While trying to understand bottlenecks in scala (2.11) compiler on our monolith, I came across the following observation

I tried compiling 10000 scala files using scalac, all of these files were independent of each other i.e. they can be compiled in isolation

scalac *.scala

This completed in around 38s

I also noticed the scalac compiler compiles all the files serially ( checked thread dumps e.t.c ). So, I tried compiling batches of 5000 files using two separate scalac invocation. I hoped the compilation to roughly half

To my surprise, this resulted in an even worse scenario where it took a total of 48s to complete compiling each file

So, does scalac compile all the provided files serially or it leverages some form of parallelism in itself?

There is no parallelism within scalac itself.

(Note though that a commercial product from Triplequote called Hydra adds it.)

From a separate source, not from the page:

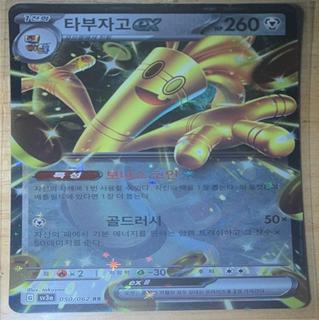 Gholdengo ex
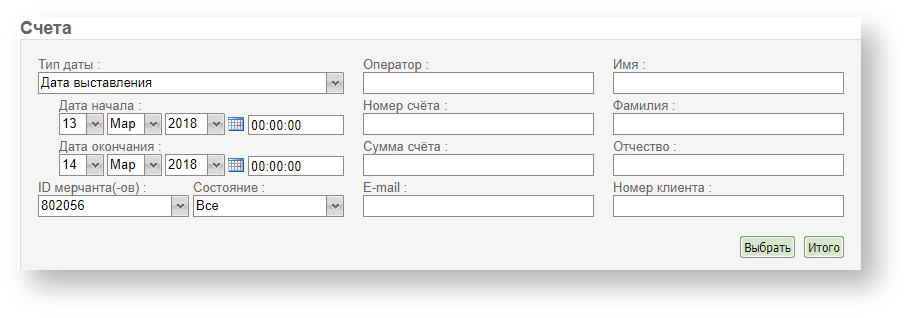 Техническая документация Белоруссия > Поиск счетов > bill29.PNG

The usual way to proceed in a scenario like this is to break the monolith up into independently compilable subprojects. sbt has project-level parallelism, all within a single JVM.

I can’t be completely certain why your batching approach didn’t give a speedup, but my best guess would be that by firing up multiple JVMs, you had to pay JVM startup cost multiple times and also pay HotSpot warmup cost multiple times. To avoid that, you really want everything to happen inside a single, already-warm JVM instance, as in sbt.

The other thing I’d note here is that the Scala 2.12 compiler is considerably faster than the 2.11 compiler, so if there’s any chance you can move to 2.12 or 2.13, you’ll almost certainly see a nice speedup.

1 Like